The exact CPU in question is the Threadripper Pro 5975WX. It might seem a little odd that this is a 32-core processor in a system costing nearly £9,000 when last year we were seeing 64-core processors in systems under £8,000, but the Threadripper Pro always was more expensive than the vanilla Threadripper, and inflation in chip prices hasn’t helped. As we’ll see, 32 cores are plenty, and the 5975X will run these cores at a base 3.6GHz up to 4.5GHz in Boost mode. AMD’s Precision Boost Overdrive can run as many cores as fast as your cooling and motherboard will allow. And talking of cooling, this proved to be an extremely quiet system thanks to the custom cooler.

One area where AMD has allowed Intel to keep the lead is in memory support. The Threadripper Pro only supports DDR4, but it also enables eight channels, theoretically doubling the bandwidth over quad-channel. Armari supplies eight 16GB 3,600MHz modules for a total of 128GB. There are no DIMM slots left free, but 128GB should be enough for most workloads during the lifetime of the machine.

Armari has matched this potent processor and memory combination with a fittingly high-end GPU. The PNY Nvidia Quadro RTX A5000 goes a notch above the A4500 seen in many rival systems like the Scan 3XS GWP-ME A124C by offering 8,192 CUDA cores and 24GB of GDDR6 frame buffer running on a 384-bit bus.

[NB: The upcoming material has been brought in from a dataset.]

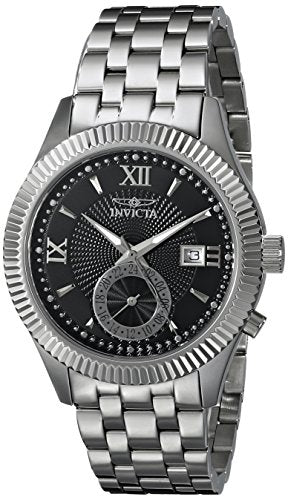 Invicta 18098 Men's Specialty Analog Display Swiss Quartz Silver Watch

This enables 768GB/sec of bandwidth – the same as the even higher-end A5500 and A6000.

The storage provision is unique in that, while there are two drives, the configuration isn’t one for the OS and apps, with the other for data. Instead, Armari supplies a matched pair of 2TB Western Digital SN850 PCI-E Gen 4 SSDs in a RAID0 setup via a PCI-E adapter card, to improve throughput. This essentially doubled read and write speeds over a single drive, hitting 14,015MB/sec reading in CrystalDiskMark 8 and 9,989MB/sec writing. That’s phenomenally fast, as if Gen 4 NVMe SSDs weren’t quick enough already.

A photograph of the interior layout of the Armari Magnetar M64TP-RW2000G3

Benchmark results show just how potent the 5000 series Threadripper Pro is compared to anything Intel currently has to offer above 16 cores. An overall score in IT Pro’s benchmarks of 753 is the highest we’ve ever seen, led by an incredible 948 in multitasking and 716 in video encoding. The score of 242 in image editing also shows that single-core performance isn’t quite as high as the 12th generation Intel Core i9 can muster, and this is also clear from the single-core result in Maxon Cinebench R23 of 1,493.

Multithreading is where 3D rendering is really at, though, and the Cinebench R23 score here of 50,699 blows everything we’ve tested before out the water. It’s 27% faster than the dual 24-core Xeons in the PCSpecialist Onyx Goliath can deliver, and they have 50% more cores. Just to hammer this home, the Armari took 206 seconds to render the Blender frame while the Xeon-based PCSpecialist took 290 seconds. That’s 40% longer.

So this system has amazing everyday workload and 3D rendering abilities. It’s also masterful with 3D modelling, looking at the SPECviewperf 2020 results. The Nvidia Quadro RTX A5000 delivered 172 and 489 in 3dsmax-07 and maya-06, showing immense abilities with animations, while 139 in catia-04, 167 in creo-03, 492 in snx-04 and 327 in solidworks-05 illustrate great ability with CAD, engineering and product design.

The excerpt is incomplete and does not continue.